The thing is that MOST of us really are trying our best. Most of us do care about doing what is right. And what most of us crave most deeply is to feel seen and valued. Especially for our best efforts, even when they are inadequate.
Columnist David Brooks put it this way:
“Many of our society’s great problems flow from people not feeling seen and known.”
David Brooks, “Finding the Road to Character,” October 2019
He went on to say that a trait we all have to get better at is “the trait of seeing each other deeply and being deeply seen.”
Inclusion doesn’t happen by pulling one group out of the shadows and pushing another into it. This is one of the great risks of today’s cancel culture.
It may be an unpopular idea, but I’m not sure that systems CAN be fixed from the top down. Instead, I think that if we want to see our society change in a significant way, it’s going to need to be something that happens on a much more intimate level.
Here’s another great quote:
I believe the change we seek in ourselves and in he groups we belong to will come less by activism and more by actively trying every day to understand one another.
Sharon Eubank, “By Union of Feeling We Obtain Power with God”, October 2020
To be honest, when large-scale changes have been made to try to include Patrick, the result has almost always been awkwardness that made us ALL pull back. Plan A where they ran a whole separate P.E. section for him would have made everyone feel uncomfortable.
But Plan B worked precisely because it was personal, thoughtful, and simple.
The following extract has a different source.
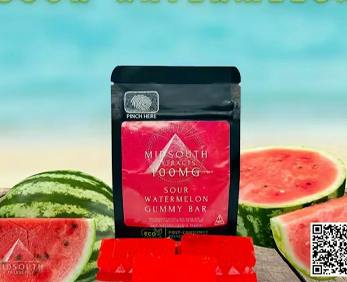 Gummies - Hyper Drive - 100mg/10pk - Watermelon CBG +THC - 6337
We simply need to start seeing each other.
I think we also need to extend each other more grace. If mortality is a school, then we are all going to make mistakes as we learn. We will all sometimes be on the giving side of some hurts. We would benefit from being as quick to grant forgiveness as we are eager to receive it.
On Valentine’s Day this year, I knew that traditional Valentine’s parties were going to leave out every student who was learning from home. As PTO president, I had some power to try to make things better. So, in addition to providing usual support for valentine’s parties, I spent several hours creating virtual valentine’s exchanges, online games and other activities that could be played with the students both in class and those connecting digitally from home.
Patrick’s sweet teacher went out of her way to buy craft supplies so that the class could make each other valentines. And she instructed the class to remember the kids at home and make them for them, too.
But that left home learners entirely on the outside. they were remembered, but not included. And, I’ll admit, after all my effort, I was hurt to still be literally on the outside looking in.
Some attempts at inclusion are a BIG miss.
But that doesn’t change the fact that he has a teacher who very truly cares about him. Who stays late sometimes just to visit with him after the other students have gone. Carrying that hurt would only hurt me. The slight wasn’t intentional.
Where am I going with all this? I’m not sure I exactly know.
I do hope, though, that if I make our experience seen that it will help as we all try to do better at seeing each other. We have too much anonymity in our society. It’s easy to get caught up in “us” and “them” when you speak generally.
But the more you get to know people as individuals, the more natural it is to try to love and take care of each other. What is that quote? “people are hard to hate close up. Move in.”
In other words, we do start with that sunday school answer. We notice the people sitting on the sidelines and we invite them. But it goes a bit deeper than just inviting. We get to know them.
And then we consider each other’s needs. And we make ourselves open to different ways of doing things. We try. If we fail, we forgive and we try again.